War and the Politics of Identity in Ethiopia: The Making of Enemies and Allies in the Horn of Africa. African Issues. Kjetil Tronvoll. James Currey, Woodbridge, Suffolk and Rochester NY, 2009. Pp. 256. ISBN. 9781847016126 (hb). £40.
This book focuses on the effects of war on the formation and conceptualisation of identities – the making and remaking of enemies and allies – in Ethiopia. Building on the Abyssinian tradition of alliance making, it provides an in-depth look at the formative impacts of the recent (1998-2000) Ethiopia-Eritrea border war on pre-war discourses and policies of identity at the regional and federal levels.

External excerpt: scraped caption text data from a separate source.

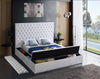 Bliss White Velvet Queen Bed (3 Boxes)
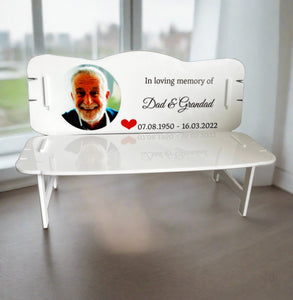 Printed acrylic personalised photo bench in white - Laser LLama Designs Ltd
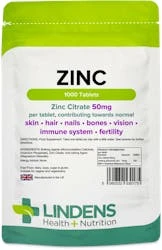 Lindens Health + Nutrition Zinc Citrate 50mg 1000 Tablets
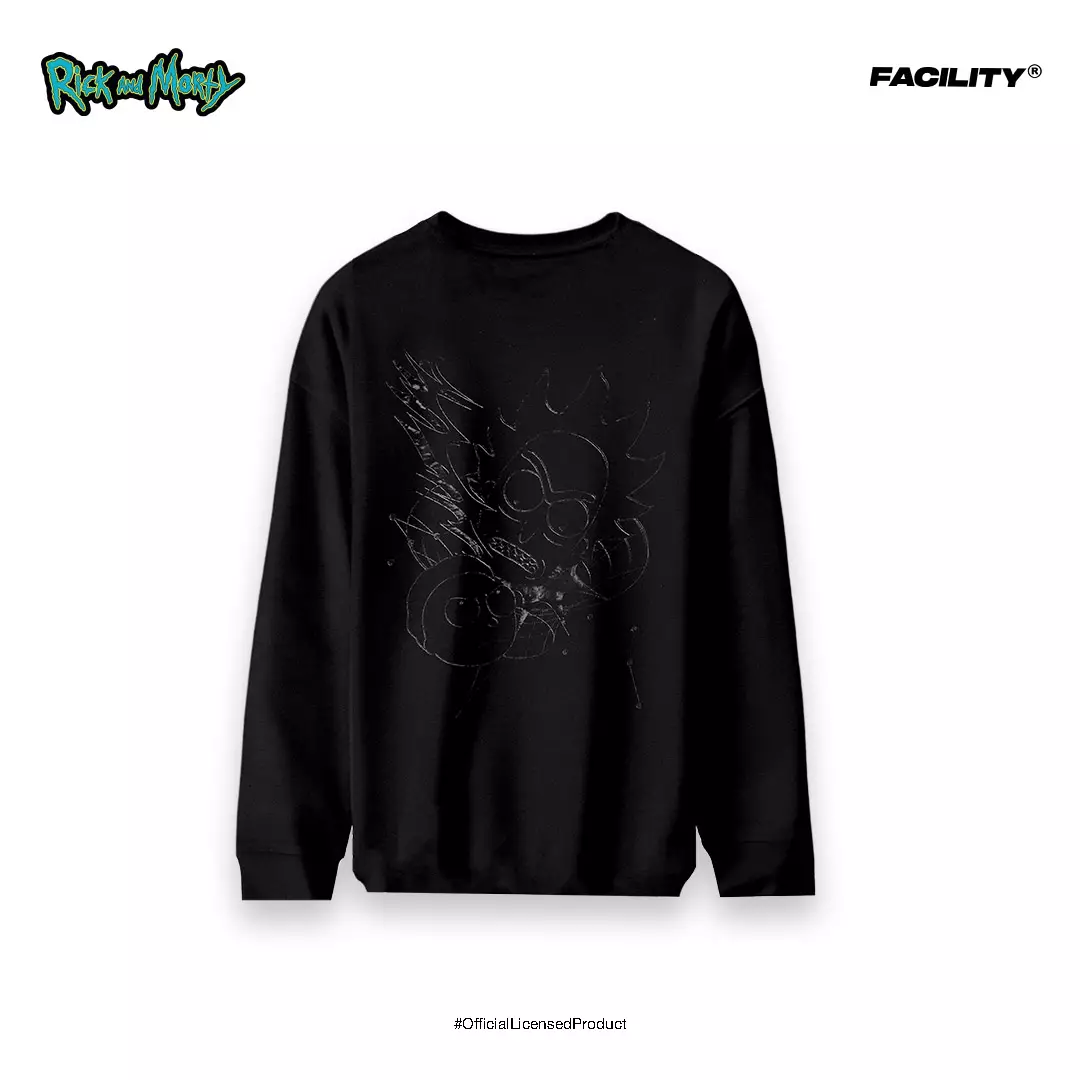 FACILITY Rick and Morty - R&M Crewneck - Jet Black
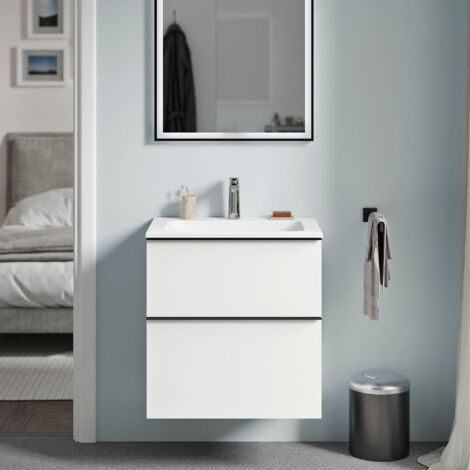 Unterschrank Bernstein LAVOA 60 cm mit Mineralguss Waschbecken CREAM - Badmöbelfarbe Weiß matt, Griff Chrom, Waschbecken Weiß matt mit Hahnloch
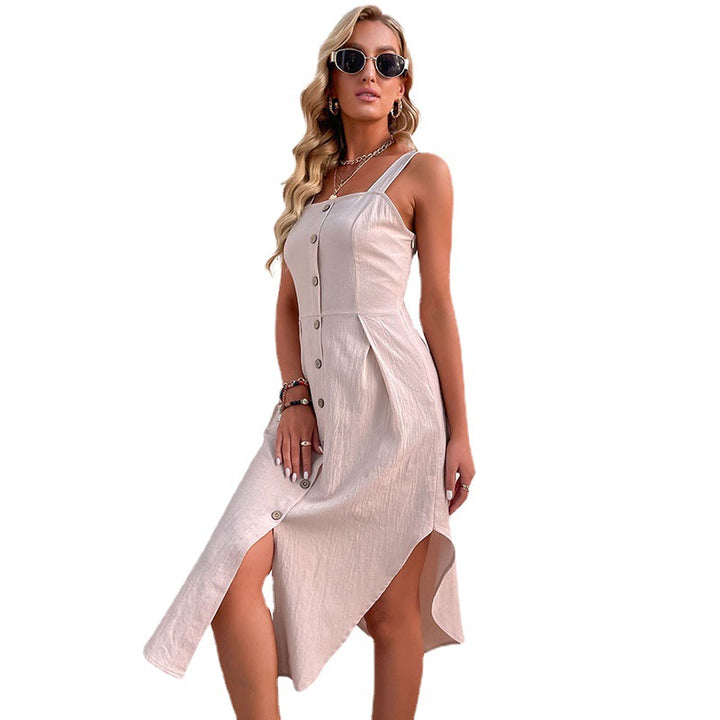 Damen Knielanges Kleid mit Knopfdetails und seitlichem Schlitz Drune
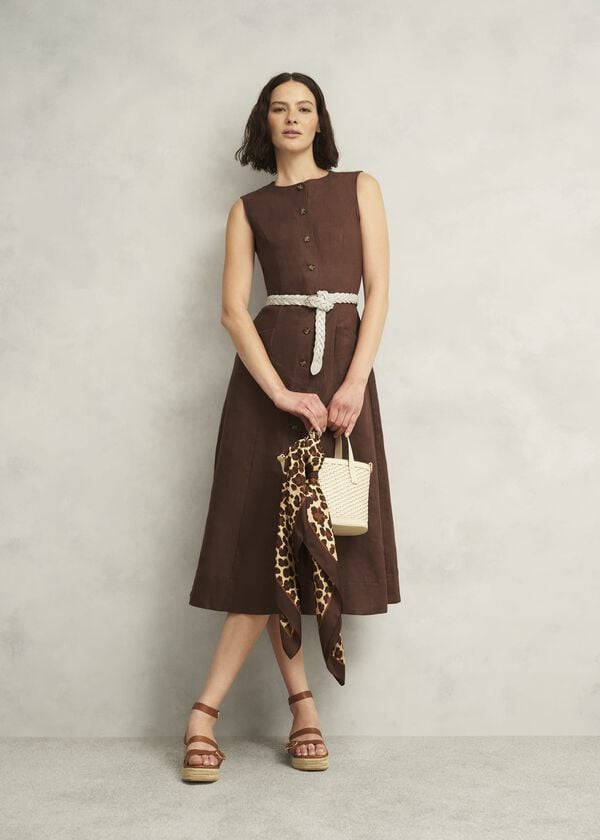 Hobbs Meera Woven Leather Belt Chalk Beige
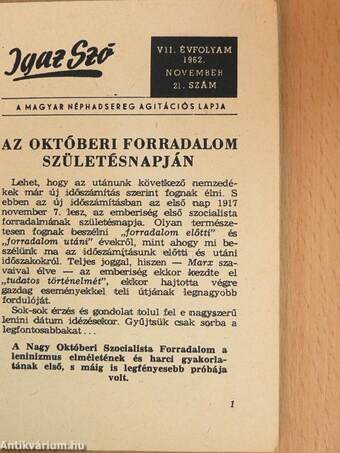 Igaz Szó 1962. november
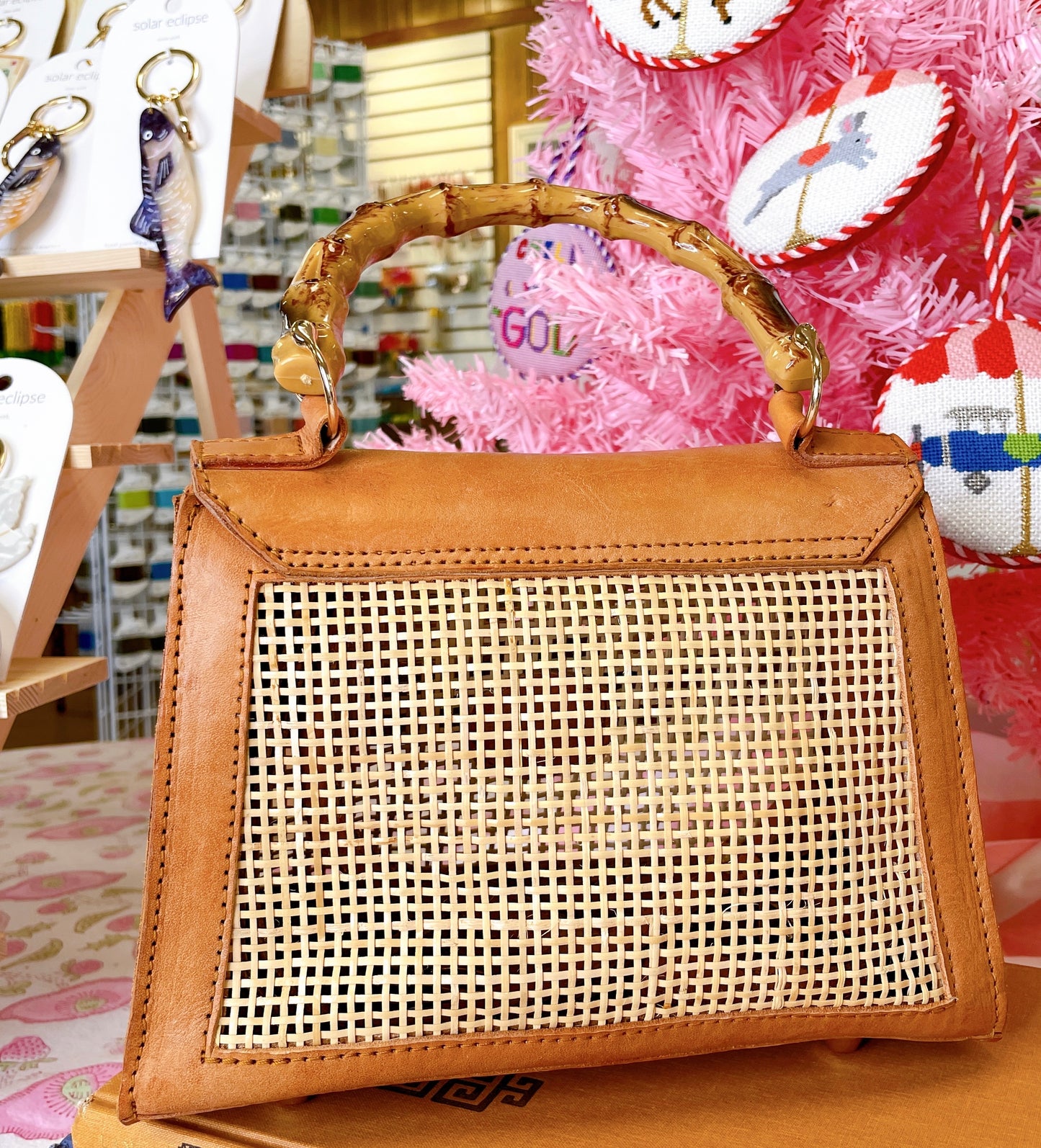 Rattan Cane Weave Handbag with Bamboo Handles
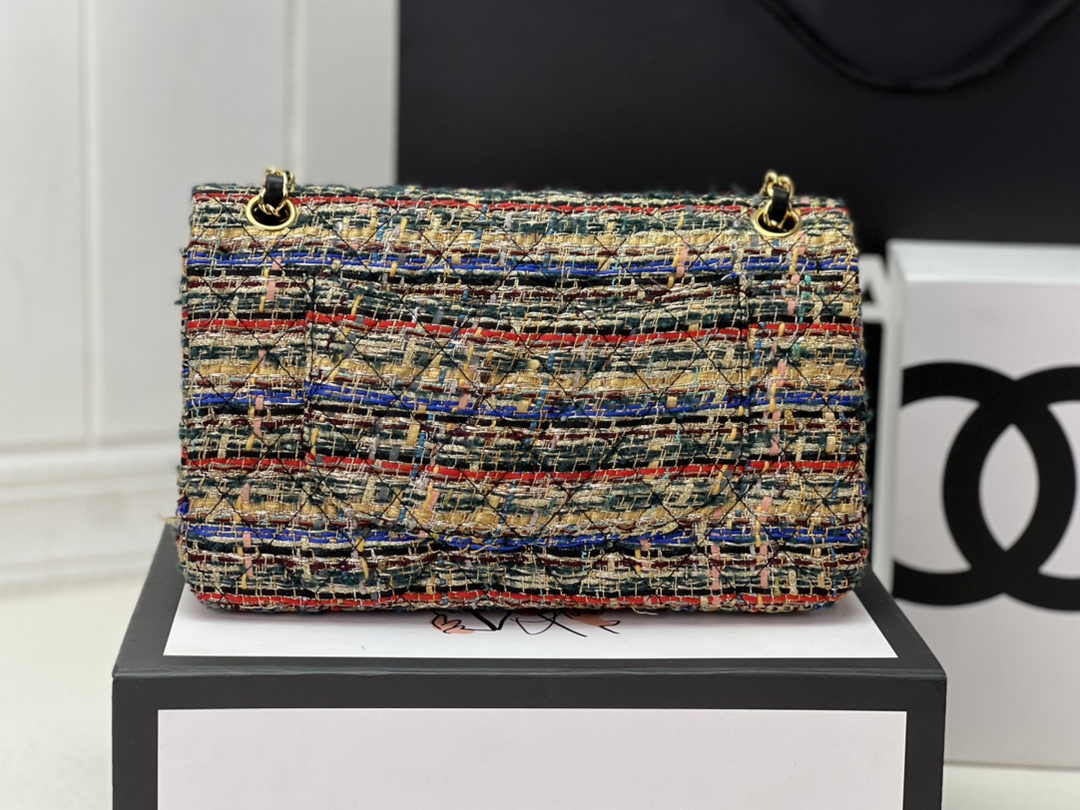 Chanel A01112 Classic Handbag Wool Tweed Gold-Tone Metal Beige Red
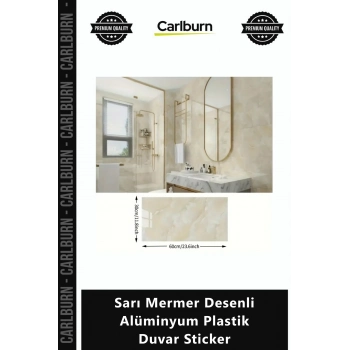 Özel Üretim Yapışkanlı Isıya Dayanıklı Mutfak Sarı Mermer Desenli Alüminyum Plastik Duvar Sticker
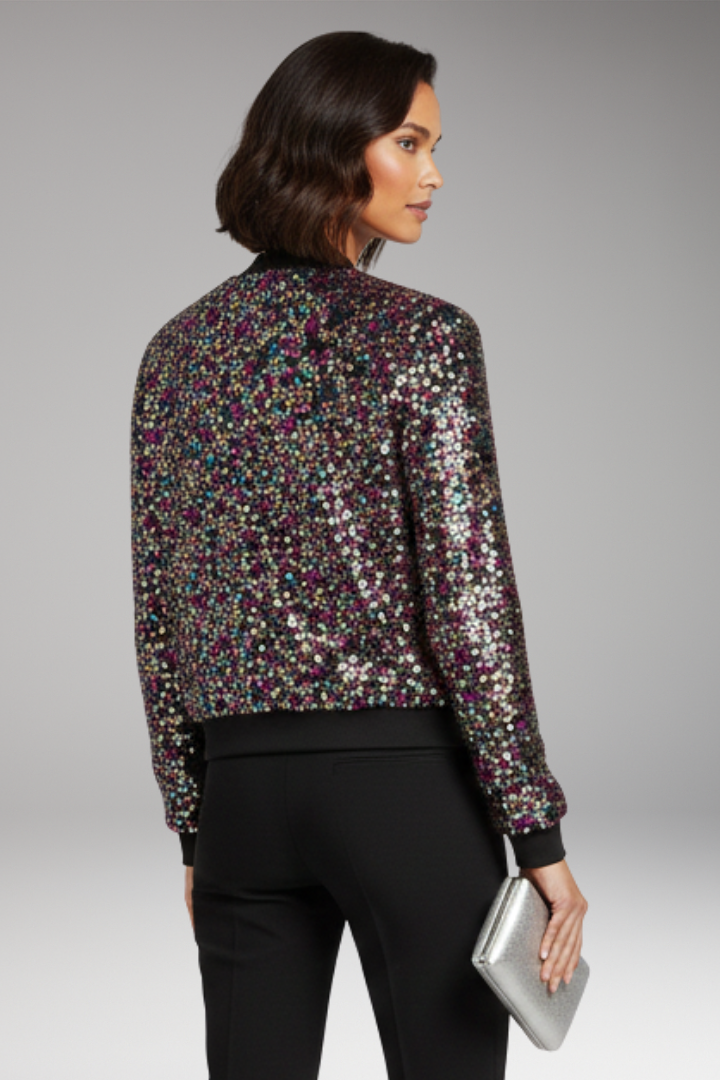 Women's Bomber Jacket Polka Dot V-Neck
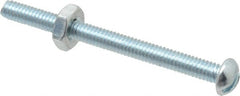 Value Collection - #8-32 UNC, 2" Length Under Head Slotted Drive Machine Screw - Round Head, Grade 2 Steel, Zinc-Plated Finish, Without Washer - Exact Tooling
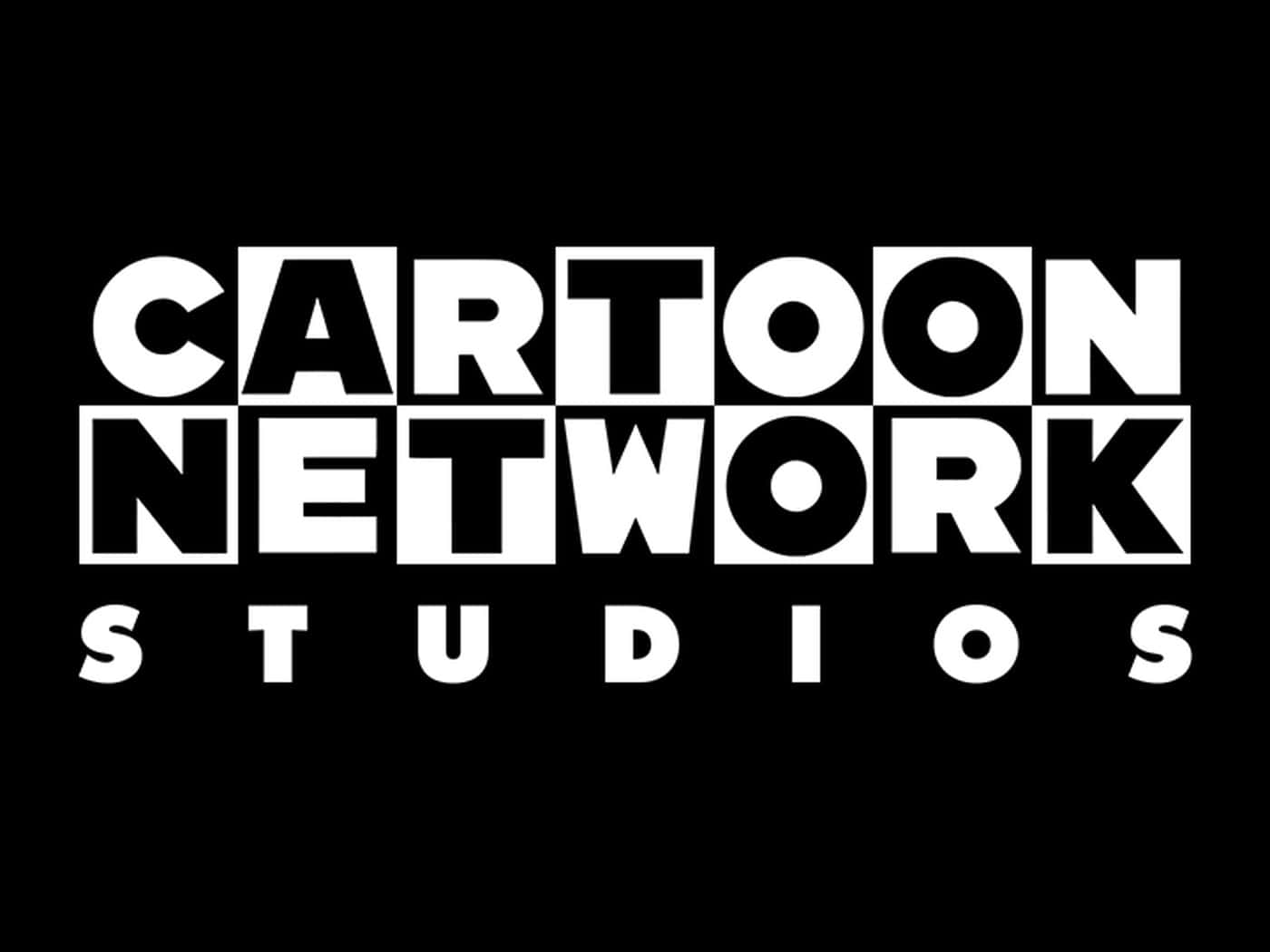 卡通頻道 桌布 壁紙 — 在純黑色背景上，帶有粗體白色Cartoon Network Studios標誌，字體呈方塊狀。
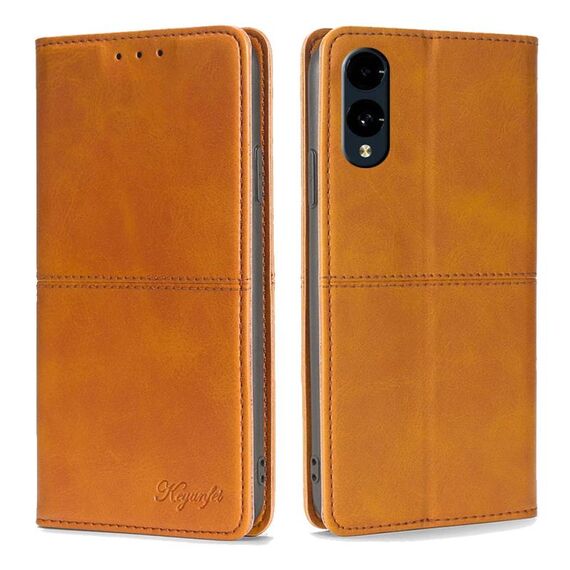 Per Fujitsu Arrows We2 Custodia magnetica in pelle con texture mucca (marrone chiaro)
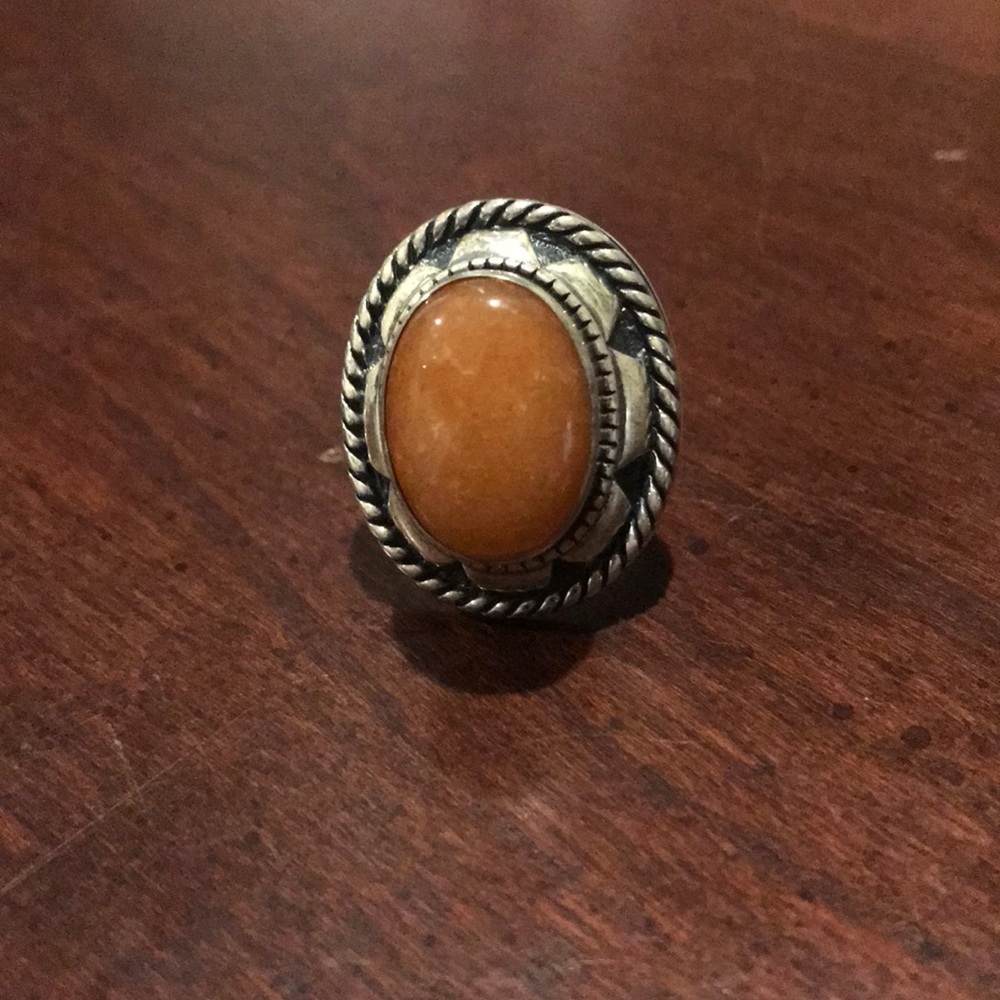 QVC Sincerely Southwest Peach Aventurine Ring Sz 6 Sterling Silver 925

It shows – contrary to conventional assumptions that inter-state war strengthens a collective notion of national (or ethno-national) identity in multi-ethnic societies like Ethiopia – political pragmatism, and not ethnic affinity, to be the determining factor in the making and remaking of enemies and allies, as exemplified through an analysis of the recent border war:
“The more or less unanimous backing for the EPRDF’s war effort by the people and political opposition (except for the OLF) should be explained by historical conceptions of state and power in Ethiopia, and not because of primordial identities (neither ethnicity nor nationalism)… the political elite in the country used the war both as an occasion to try to regain lost territories – both Badme and Eritrea – and to position themselves in the internal power play within Ethiopia..” (p.203)
Tronvoll provides useful background to outsiders on the cultural linkages and distinctions between the Tigrinya-speakers of Tigray and Eritrea and the Amhara. But he also brings out the importance of land as a means of livelihood and its significance for the sense of belonging, spatial and territorialised identity – a point often overlooked by outside explanations for the border war. He provides an overview of historical trajectories of enemy images, up to and including the TPLF’s politico-cultural production of a Tigrayan identity during the liberation struggle and it policies (ethno-federalism) and discourses on identity as the government up to 1998.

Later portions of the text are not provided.